───── Input data ─────

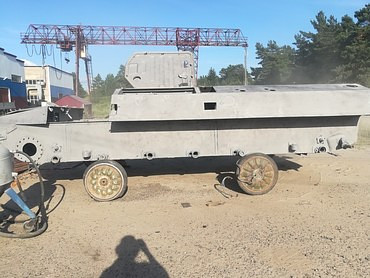 Услуги пескоструя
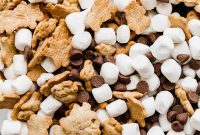 Smores Trail Mix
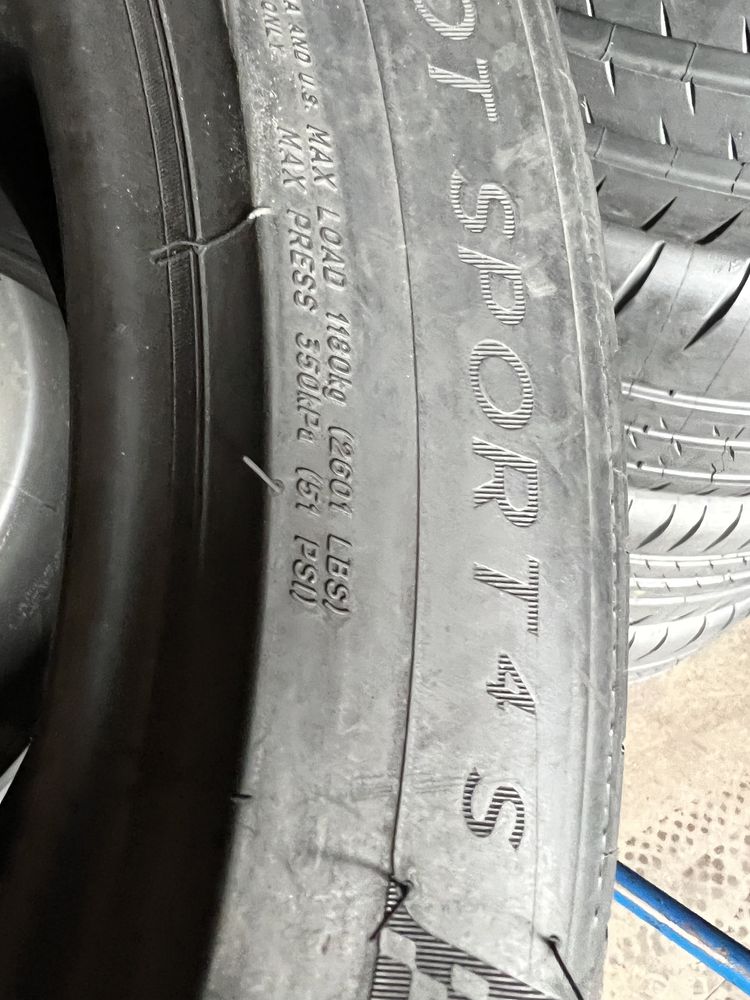 325/35/22+285/40/22 R22 Michelin Pilot Sport 4S 4шт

─────

What needs to be done:
Please repeat everything in the data above except the pictures, exactly as it reads.

Solution for this problem:
 Услуги пескоструя
 Smores Trail Mix
 325/35/22+285/40/22 R22 Michelin Pilot Sport 4S 4шт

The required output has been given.